3) Natural gas prices are at a historic low. Prices are half of what they were in 1980. This contrasts with the electric sector, which in Oregon has residential electric bills, when adjusted for inflation, that are roughly the same as in 1980. In other words, affordability issues are different among the electric and natural gas sectors.
Oregon CAP would provide natural gas utilities with an amount of direct allowances attributed to the load of low-income customers. The value of these allowances can be used to offset costs to low-income customers, or support programs such as weatherization, allowing customers to avoid future compliance costs.
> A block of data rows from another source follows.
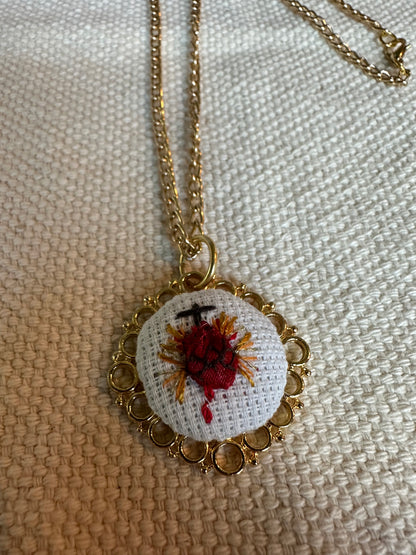 Sacred Heart Necklace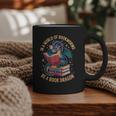 In A World Of Bookworms Be A Book Dragon Graphic Print Coffee Mug In A World Of Bookworms Be A Book Dragon Graphic Print Coffee Mug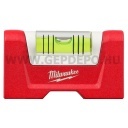 Milwaukee kompakt Torpedo vízmérték mágneses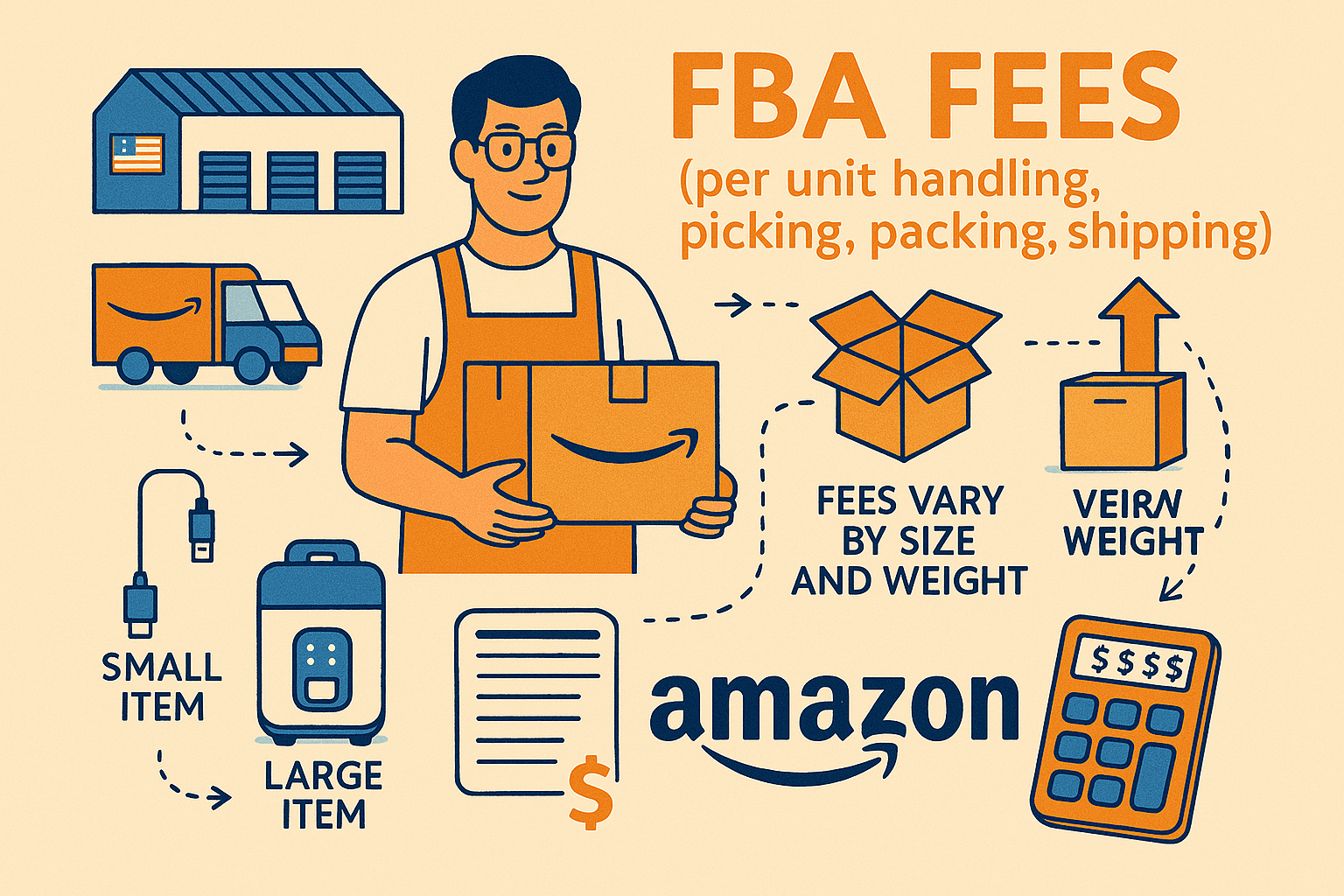 Understanding FBA Fees for Amazon Sellers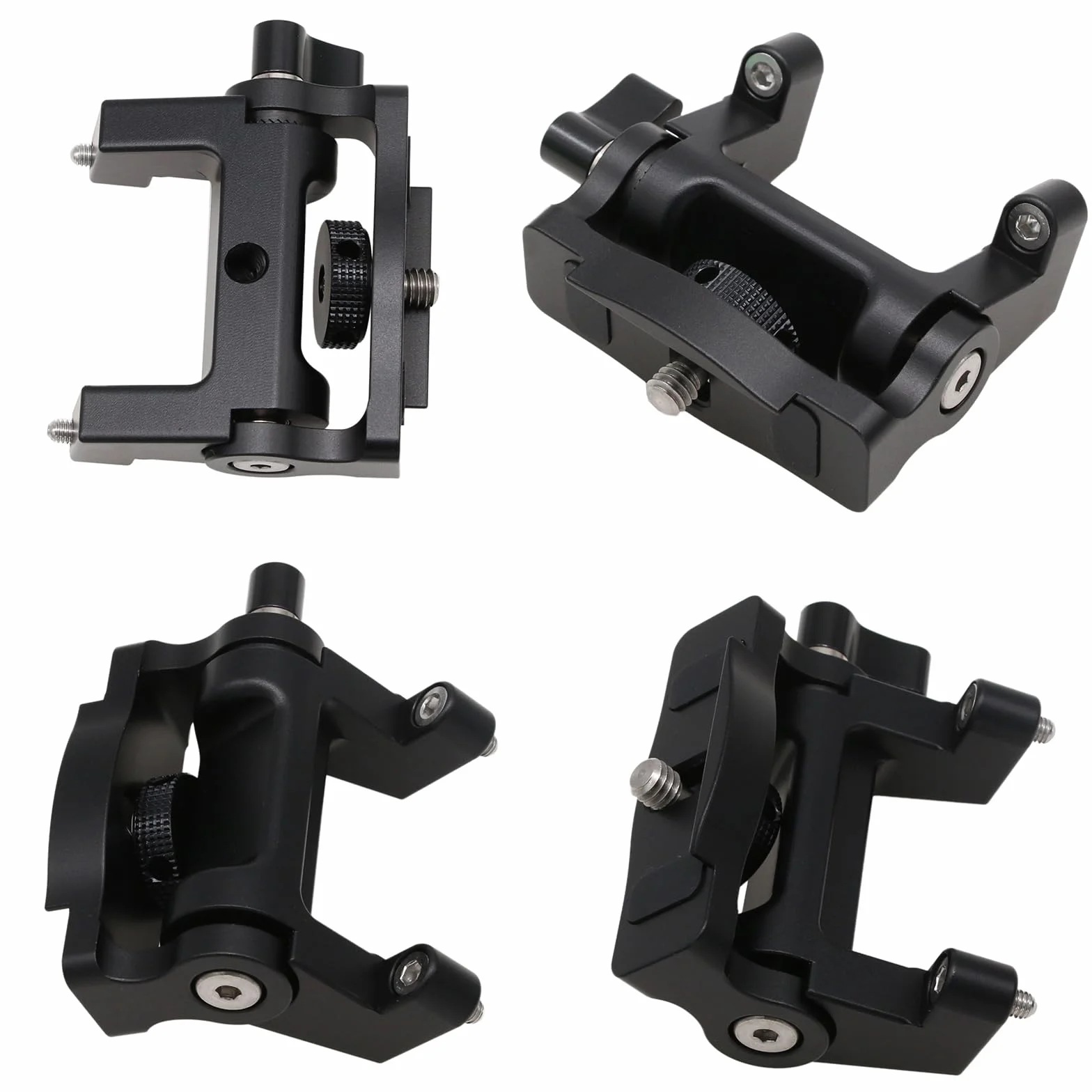 HangTon WCU-4 Support de moniteur pour unité de mise au point sans fil ARRI, kit d'installation de support 3/8"-16 1/4" x 12 dents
Natural gas utilities will have choices to make. They can buy carbon allowances to offset their carbon emissions, or they can increase investments in energy efficiency and renewable natural gas to decrease their emissions. Absent existing mandates akin to SB 1547 for gas utilities to reduce carbon emissions, Oregon CAP is needed to ensure that the natural gas sector reduces emissions in a timeframe commensurate with the electric sector.
CUB’s Reaction
CUB is generally pleased with HB 2020 – though we recognize that opponents with a range of perspectives will raise concerns and propose amendments. As Bob testified, the bill will change as the legislative session progresses. CUB, however, is prepared to work with both proponents and critics to improve and pass Oregon CAP. Climate change is real. Oregonians can plainly see and feel the effects. There is little doubt about the need for carbon regulation. With electric and natural gas utilities already investing billions of dollars to serve Oregon customers, it is prudent to establish Oregon CAP in 2019 to ensure consistent investments with carbon reduction commitments elsewhere. HB 2020 does this, while offering critical protections for electric utility customers and low income gas utility customers.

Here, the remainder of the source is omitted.